Ride some more. A lot more.


----------



## PJ352 (Dec 5, 2007)

mfyen said:


> I just got into cycling. Iwas riding a mid '90s Marin Eldridge Grade MTB that I got from my mom's co-worker for $100 that has a superb seat. I put some Specialized Fatboy road tires on the MTB and it rides pretty smooth, but it was heavy as ****, and I got tired after 35 miles or so of riding.
> 
> I recently upgraded to my first road bike at my LBS, a 2012 Allez Compact, and I've put on a hundred miles or so on it already.
> 
> They fitted me on a 54", the front drop bar stem is raised up .5" or so to give me a better riding position, but after about 50 miles, the seat hurts my ass. *Any suggestions on what to do? Is it my riding geometry? Or do I need a beach cruiser seat?*


Could be a lot of things, including the OE saddle. I think one _might_ be that you're still acclimating to the road riding position, but IMO being able to log 50 miles on a new bike isn't too shabby. 
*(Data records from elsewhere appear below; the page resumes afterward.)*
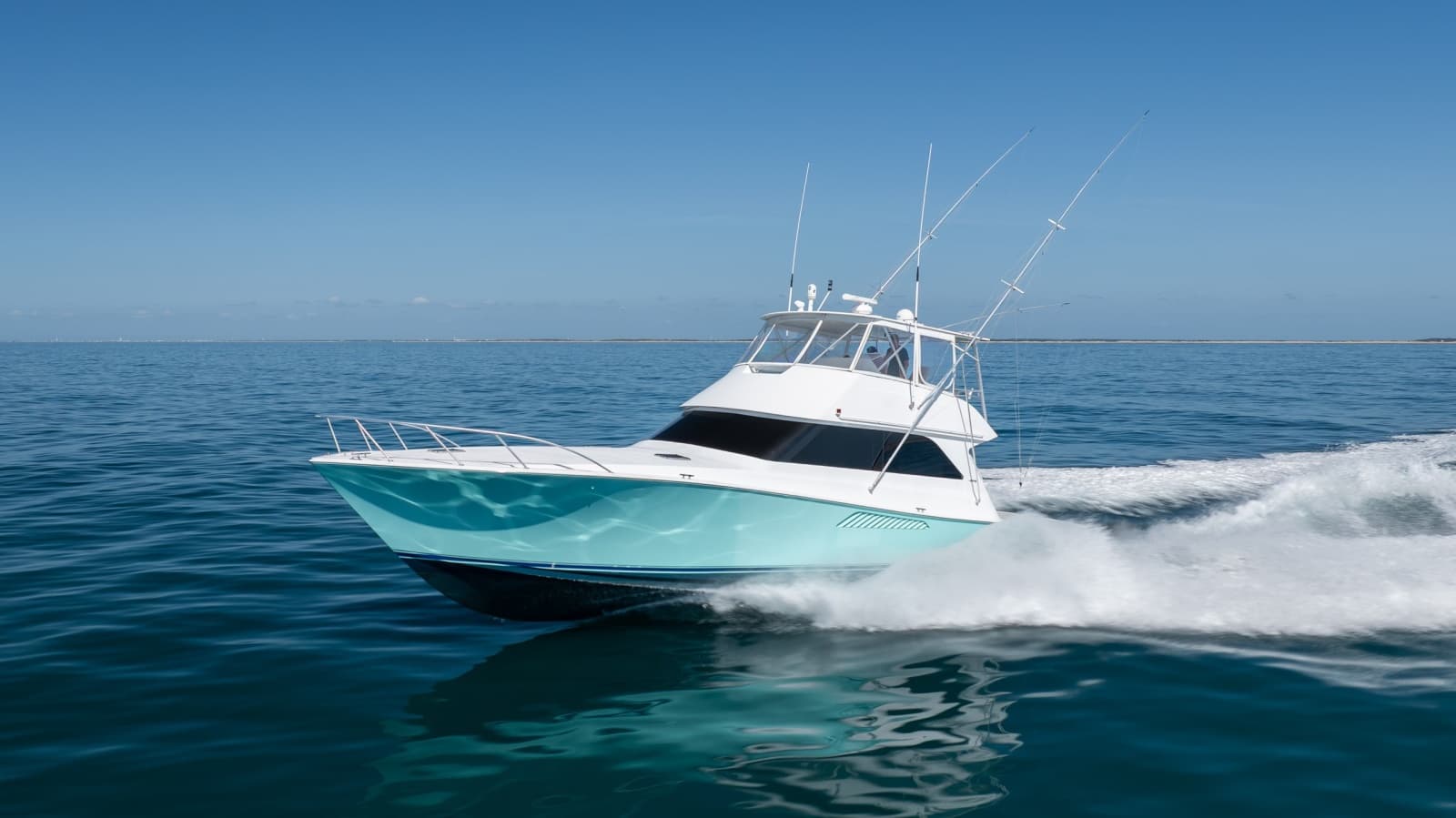 2000 Viking 55 Convertible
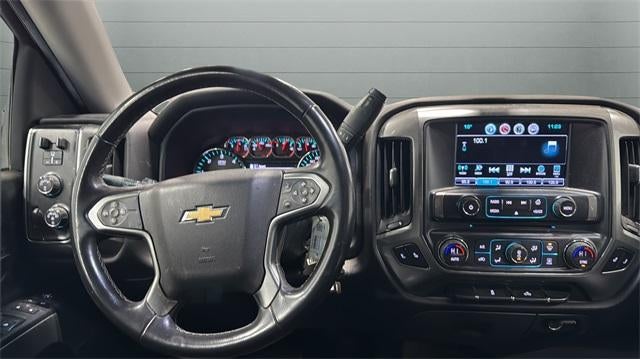 2017 Chevrolet Silverado 1500 Crew Cab Short Box 4-Wheel Drive LT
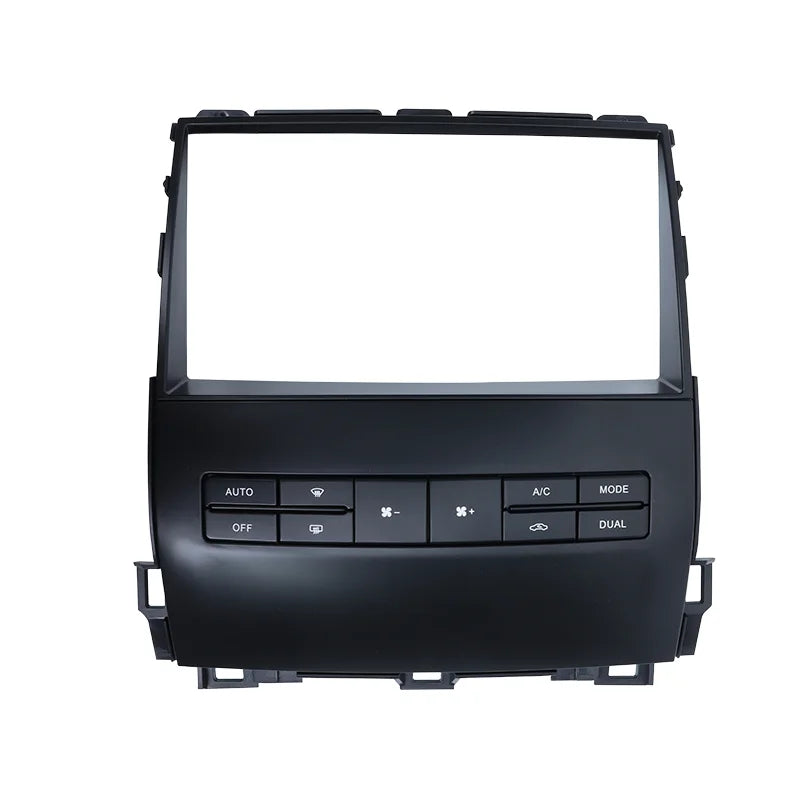 Fascia dautoradio 9inch For Toyota Prado 120 Lexus GX470 LX470 cadre stereo adaptateur pla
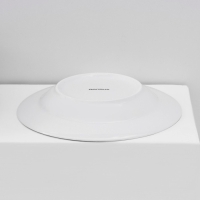 Набор тарелок фарфоровых Доляна &laquo;Звёздная ночь&raquo;, 18 предметов: 6 тарелок d=20 см, 6 тарелок d=25 см, 6 тарелок глубоких 340 мл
Still, if you aren't wearing good quality, padded shorts (or bibs) that would be a start. Paying attention to form, another. Changing hand positions, getting out of the saddle at times (simulated intervals/ climbing) will help to relieve pressure on your sit bones, and it doesn't take much (or long) for it to help.

Ultimately, you might find that you and the saddle don't get along, but I'd suggest adapting the changes mentioned above, then log some more time before deciding.

EDIT: BTW, the above goes on the premise that your soreness is at or around your sit bones. If it's numbness towards the front (perineum) go back to the LBS for saddle adjustments.


----------



## tlg (May 11, 2011)

mfyen said:


> I just got into cycling.....
> 
> .... but after about 50 miles, the seat hurts my ass.


Did you just jump into cycling and do 50mi? That's quite a bit for a beginner. It takes some time for your ass to "toughen" up. It's best to gradually build up your mileage.

Three things are important to butt comfort.
1) Proper fit on the bike
2) A good pair of padded shorts
3) A proper fit saddle.

Unfortunately all three can be difficult to get right. Be aware that with saddles, big and cushy just leads to you sinking down and causes rubbing in areas that you don't want rubbing. You want most of your weight to be resting on your sit bones and it's important to get a seat that's the right width to fit your sit bones comfortable.

PJ352 brought up a good point. Where is your problem? Sit bones or perineum?
Is it a chaffing type soreness or a numbness problem.


----------



## AndrwSwitch (May 28, 2009)

You have a saddle you like on the other bike. Get another for your road bike (if you can, product lines change so it could be a challenge) or just move it over. It's at least worth a try.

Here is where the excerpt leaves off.